I am so happy that I am writing this post in English. After more than a decade of daily work in English (or some call it Globish), I now have to seriously work on my Dutch.

Dutch was never my native language. I was born in Israel and spoke only Hebrew until arriving in The Netherlands at the age of nine. But, I did manage to learn it, graduate with it, and write an MA thesis in it.

But to actually now work professionally in Dutch. That’s challenging.

Dutch language is in fact contaminated with English words. On the one hand, it’s great, because you get to impress people with your command of these unavoidable words, like impact, evidence-base, peer-learning, and so on. But on the other hand, it does feel like an easy escape from a conversation already happening in Dutch.

A recent conversation with a potential client, for example, had me stranded a couple of times, asking myself out loud “how should I put this in Dutch?”. Here is one such example:

It’s crucial to build a sustainability planning which is able to generate a multiplier effect.

What I wanted to say here was the need for the project planning to take into account how the results (in this case media productions) will be made available to the target group beyond the projects scope, in such a way that it will not only be ‘consumed’, but also re-used. And not only re-used, but re-purposed for further multiplication, meaning: people won’t only watch the production, but also produce new productions.
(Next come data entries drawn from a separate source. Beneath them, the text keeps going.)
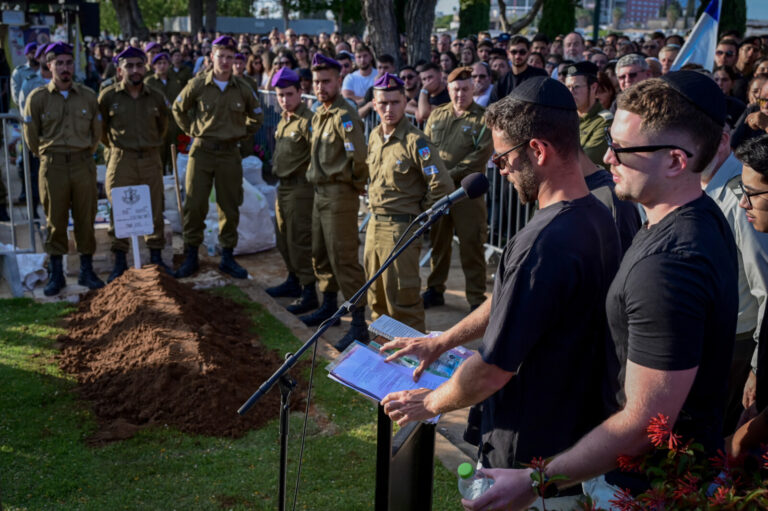 הלווייתו של סמ"ר ליאור שטיינברג. "לוחם שעושה הכול – גם אם זה להקריב את עצמו" (צילום: אבשלום ששוני / פלאש90)
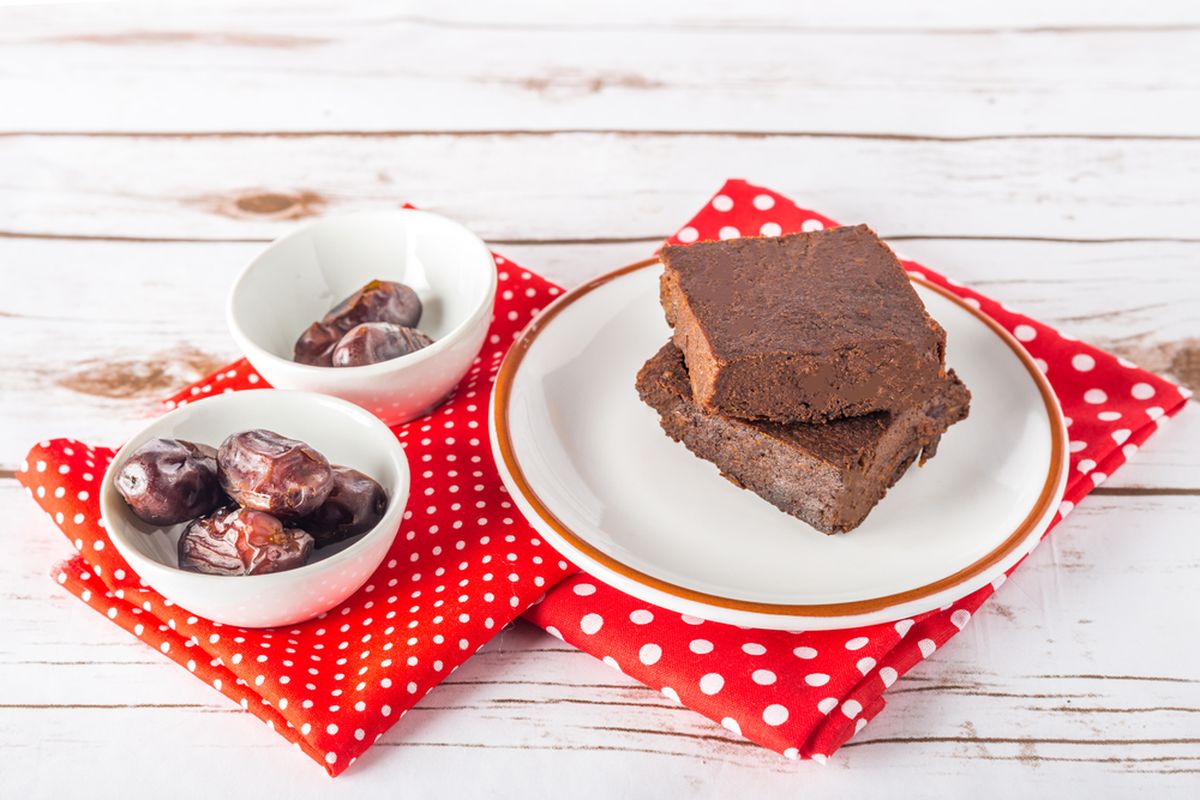 Ilustrasi brownies kurma.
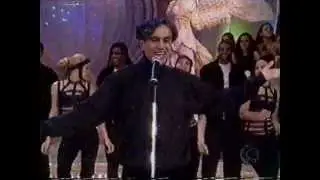 Caetano Veloso cantando 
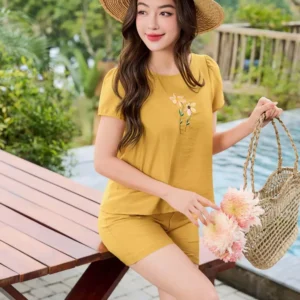 Đồ bộ đũi Bamboo thêu hoa quần đùi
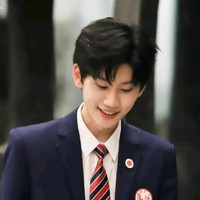 懌涵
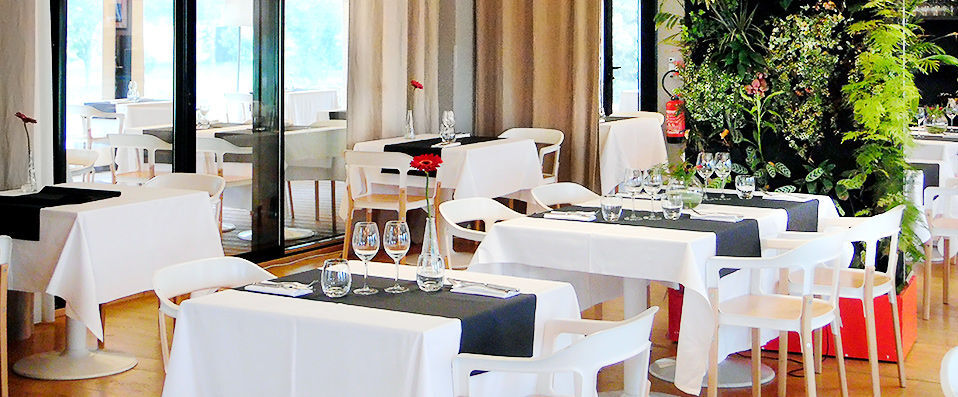 Hôtel & Spa du Château ★★★★ - All-encompassing relaxatione near France's L'île de Ré. - La Rochelle, France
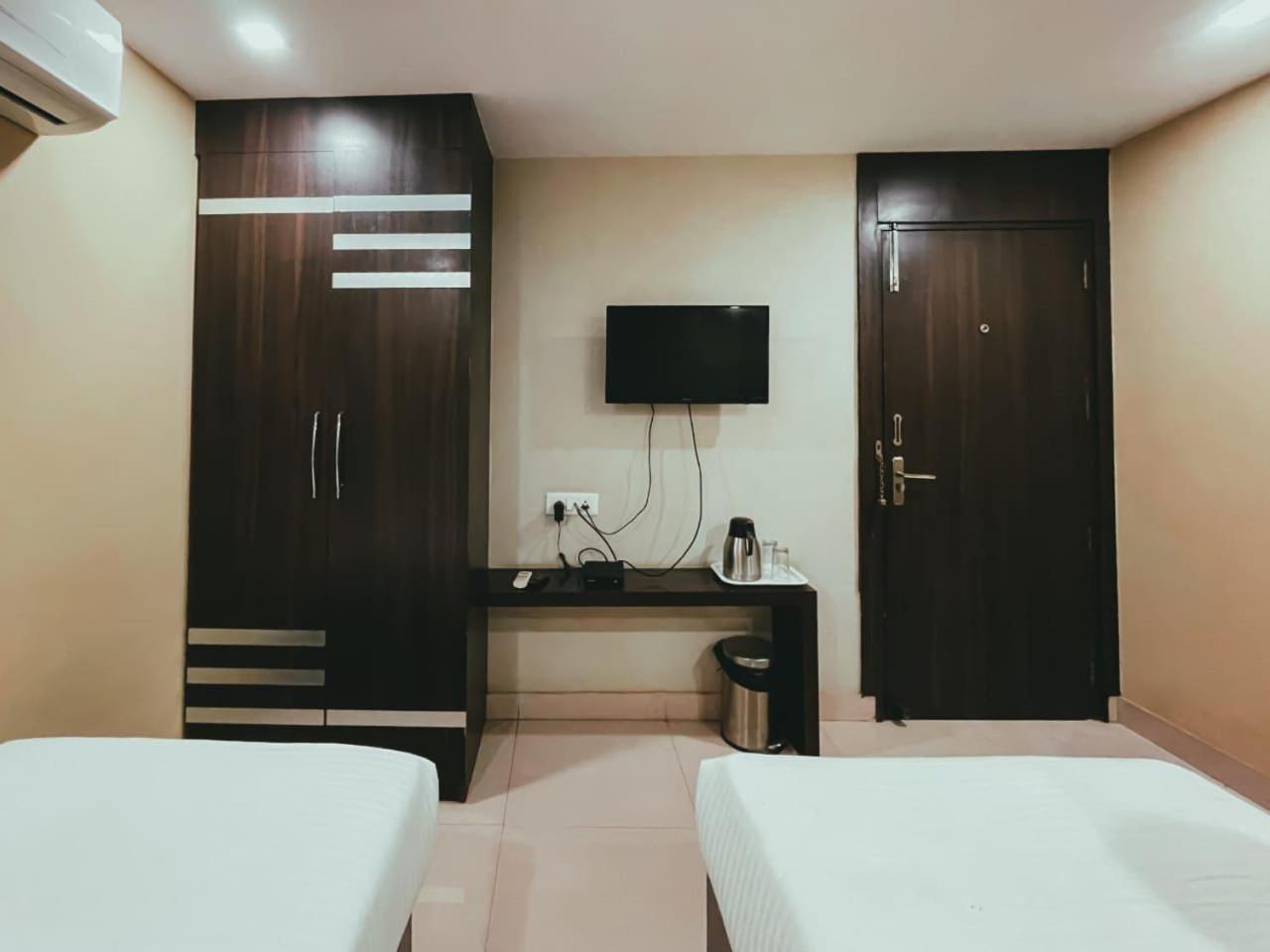 S L E Residency 2* Varanasi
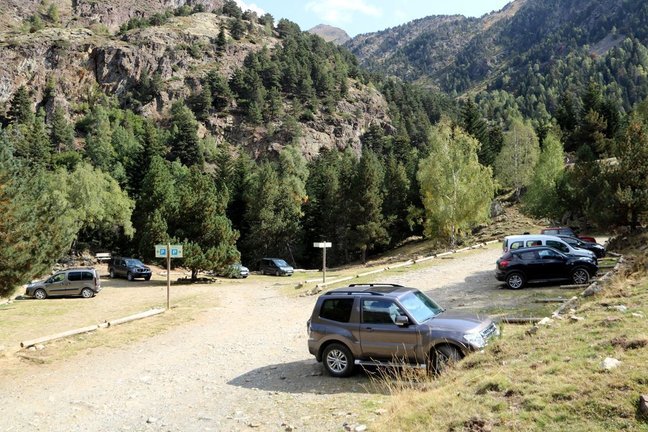 Pla general de l'aparcament La Molinassa, el més pròxim per accedir a la Pica d'Estats. Imatge del 17 de setembre del 2020. (horitzontal)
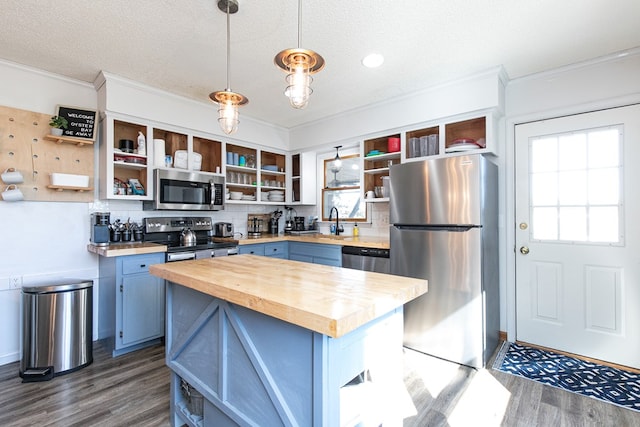 kitchen featuring a textured ceiling, stainless steel appliances, decorative light fixtures, and blue cabinets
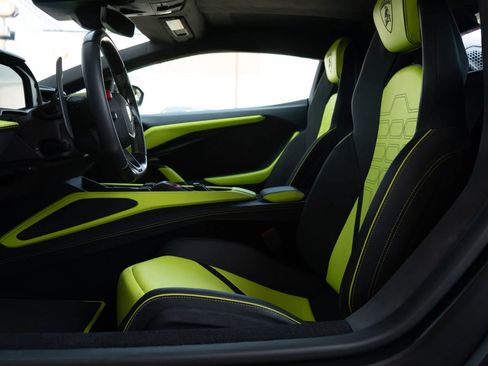 Used 2024 Lamborghini Revuelto AWD/4WD image 51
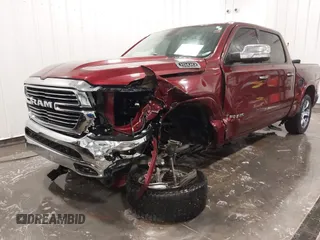 2020 Ram 1500 Laramie z VIN 1C6SRFJT5LN109384, wystawiony jako IAAI lot #42290125 z przebiegiem 73 629 mil mil oraz . Historia ofert i sprzedaży dostępna na DreamBid. Obrazek 6.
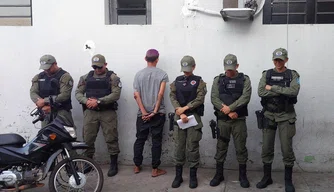 Homem é preso em flagrante após furto de motocicleta em Teresina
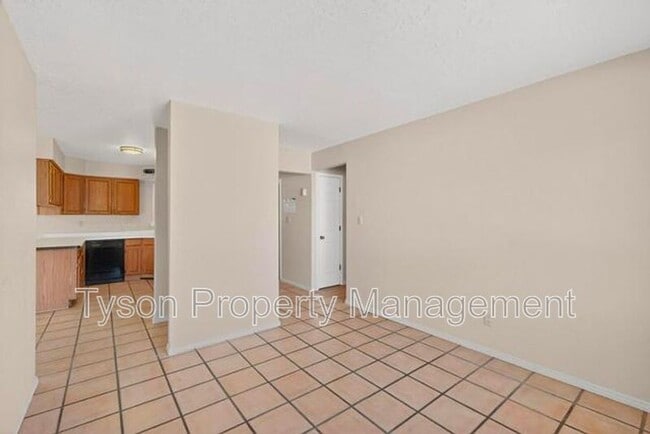 Building Photo - 12241 Woodland Ave NE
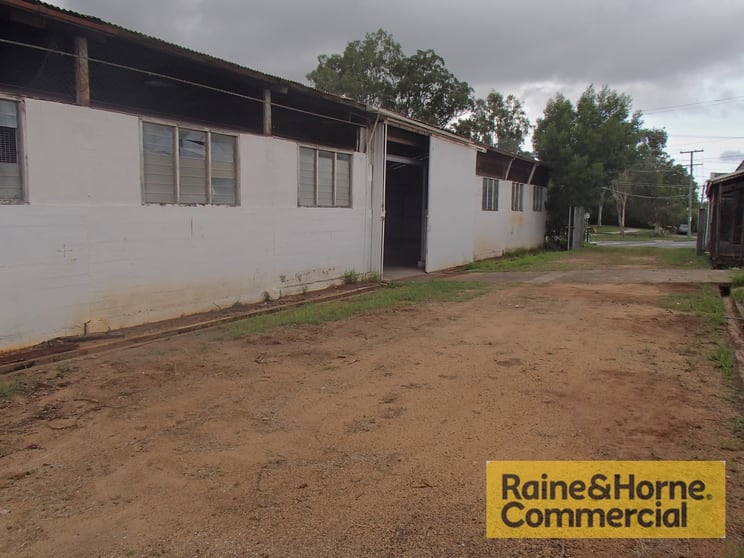 Click to view all images 4/312 Evans Road Salisbury QLD 4107 - Image 2
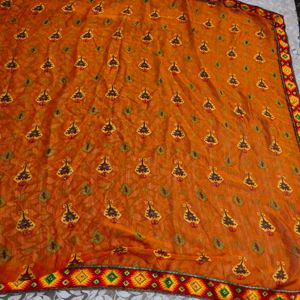 Women's Chiffon Saree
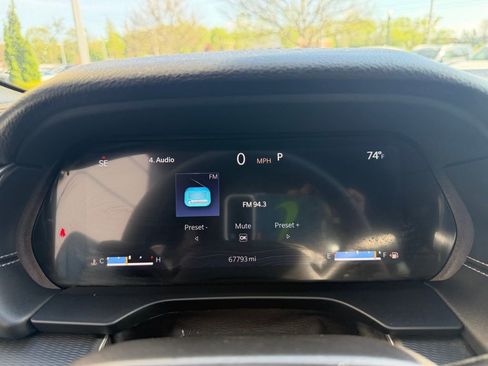 Used 2023 Jeep Grand Cherokee L Laredo image 14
Dus. Hoe ga ik dit in hemelsnaam in deugdelijk Nederlands schrijven. En al kan ik het goed opschrijven, hoe ga ik het zeggen zonder (op z’n Haags gezegd) me bek te breken?

  1. Vrij letterlijk: Het is essentieel om een verduurzaming strategie te hebben waar een vliegwieleffect vanuit gegenereerd wordt.
  2. Aangepast: Zorg er voor dat je nadenkt hoe je het verdere gebruik van de resultaten verduurzaamd.
  3. Anders: De resultaten moeten niet alleen beschikbaar zijn, maar ook op zich zorgen voor verder gebruik door anderen.

All three approaches to take the awful bit of project-speak from it’s English state into some kind of natural Dutch have their advantages and disadvantages.

So my question remains: To Dutch or not too Dutch?